Work to complete:
Exactly the lines from the one containing "Forza 10 Cane" through the one containing "Black Motorcycle Adjustable" in the listing below are to be copied, with the pictures left out.

━━━━━ Data for this task

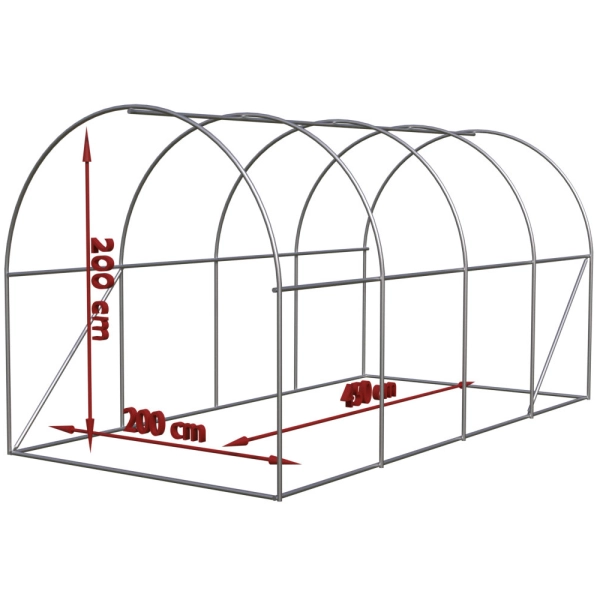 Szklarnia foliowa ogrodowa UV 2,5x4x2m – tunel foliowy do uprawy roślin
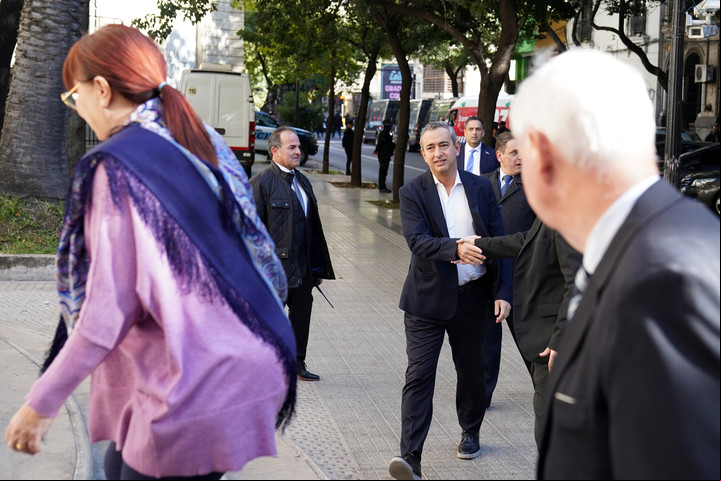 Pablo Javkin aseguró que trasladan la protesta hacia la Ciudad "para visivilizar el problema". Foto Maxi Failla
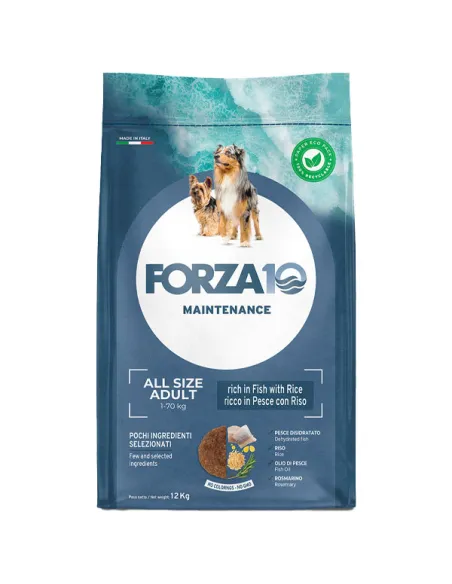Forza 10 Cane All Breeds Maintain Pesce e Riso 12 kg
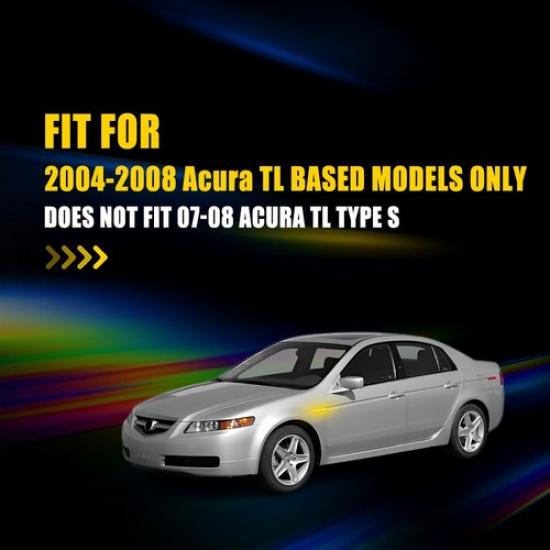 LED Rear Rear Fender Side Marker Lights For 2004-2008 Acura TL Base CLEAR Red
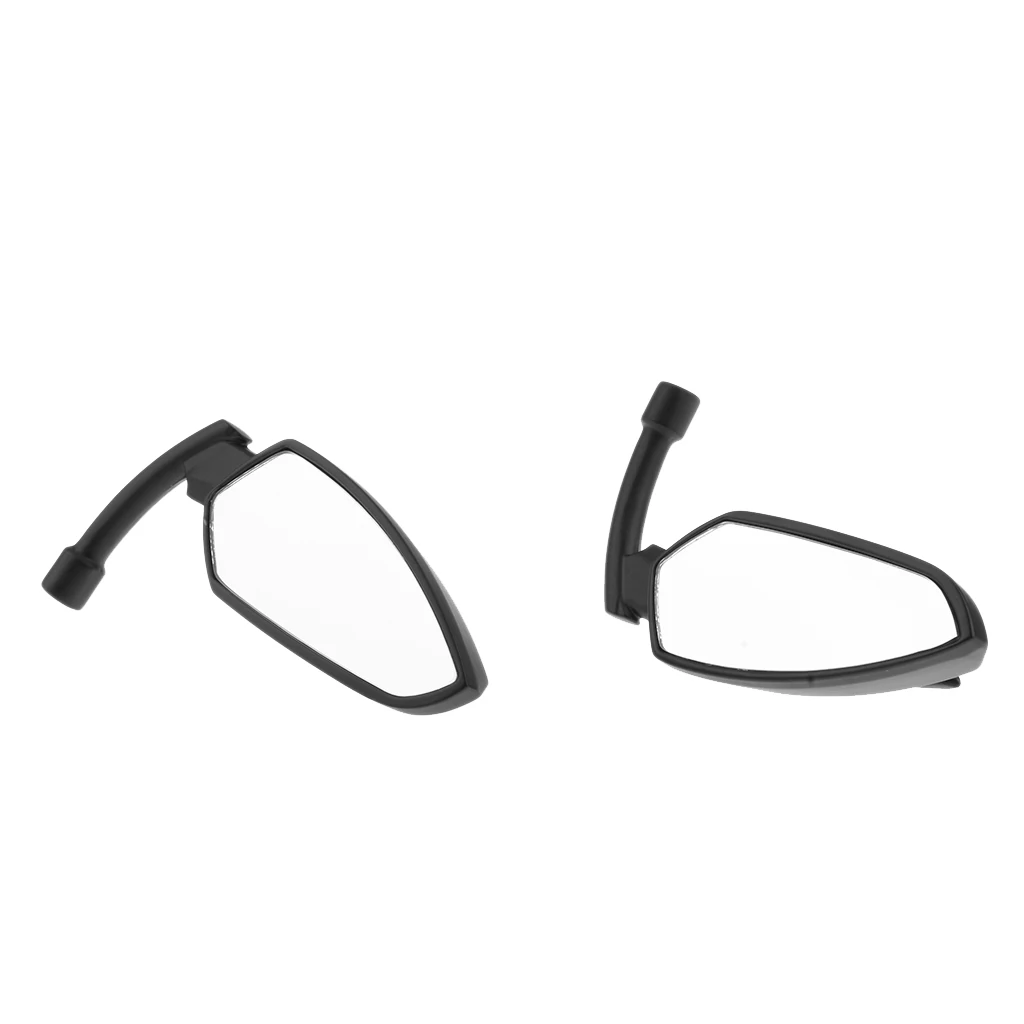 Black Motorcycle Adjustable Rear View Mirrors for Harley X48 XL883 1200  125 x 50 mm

━━━━━━━━━━
━━━━━ Data for this task

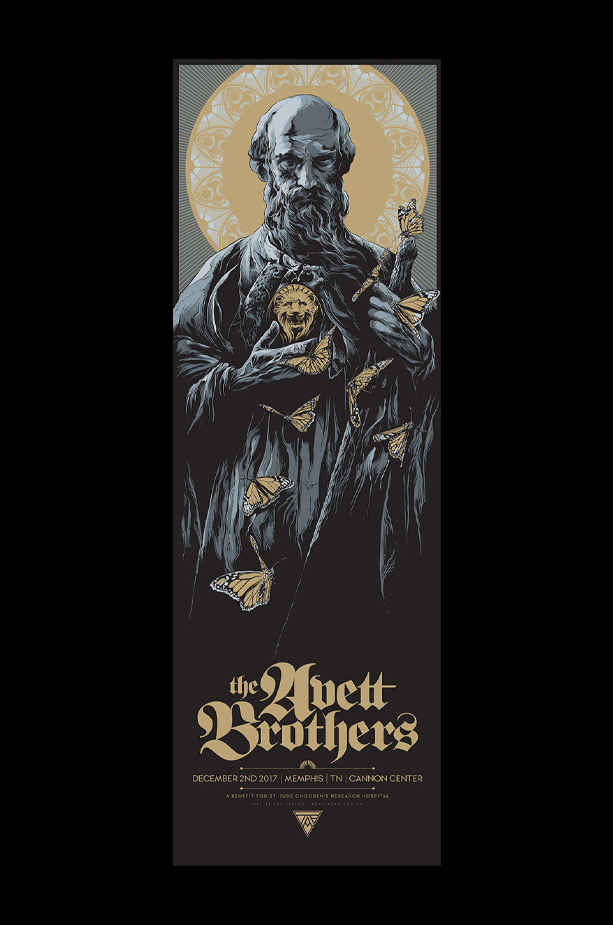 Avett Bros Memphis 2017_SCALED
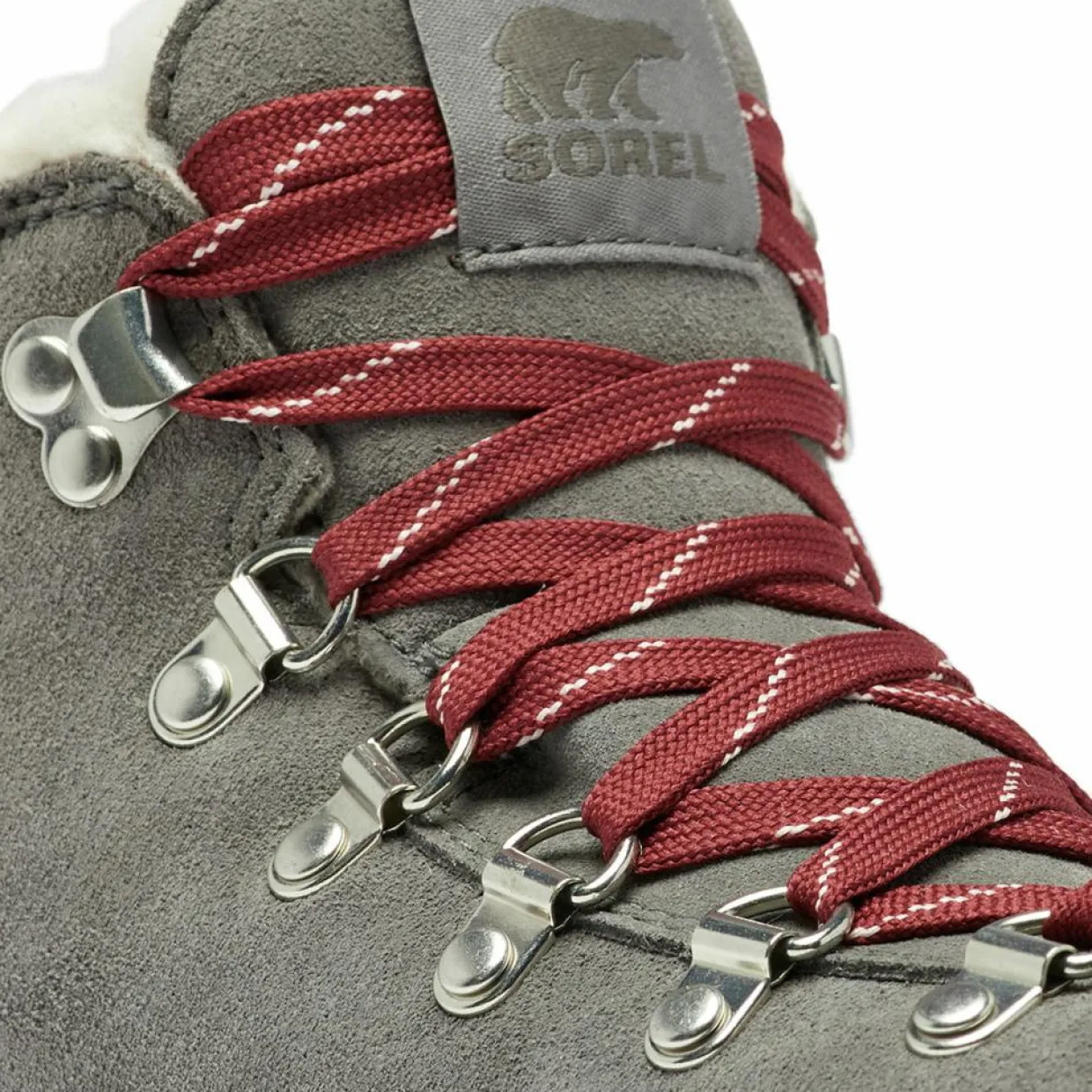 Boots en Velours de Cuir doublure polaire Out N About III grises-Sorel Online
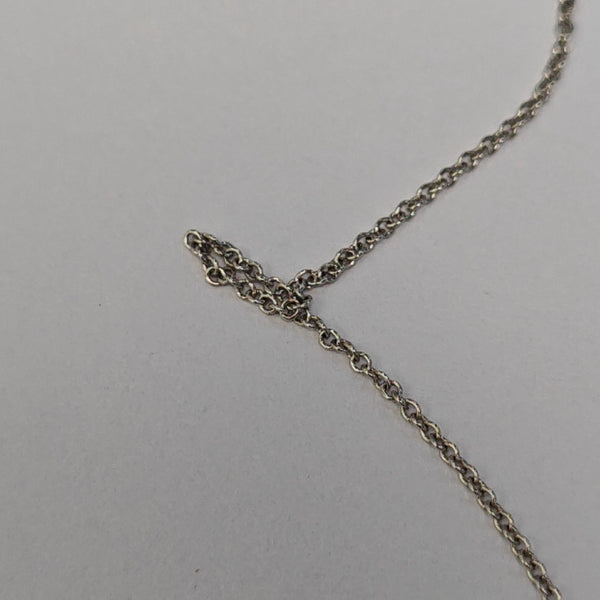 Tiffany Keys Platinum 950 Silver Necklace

━━━━━━━━━━
━━━━━ Data for this task

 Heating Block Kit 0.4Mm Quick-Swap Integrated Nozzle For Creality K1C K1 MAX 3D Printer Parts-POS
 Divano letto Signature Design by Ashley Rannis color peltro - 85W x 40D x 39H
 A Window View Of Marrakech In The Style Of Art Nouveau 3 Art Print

━━━━━━━━━━

Solution to the problem:
Forza 10 Cane All Breeds Maintain Pesce e Riso 12 kg
 LED Rear Rear Fender Side Marker Lights For 2004-2008 Acura TL Base CLEAR Red
 Black Motorcycle Adjustable Rear View Mirrors for Harley X48 XL883 1200  125 x 50 mm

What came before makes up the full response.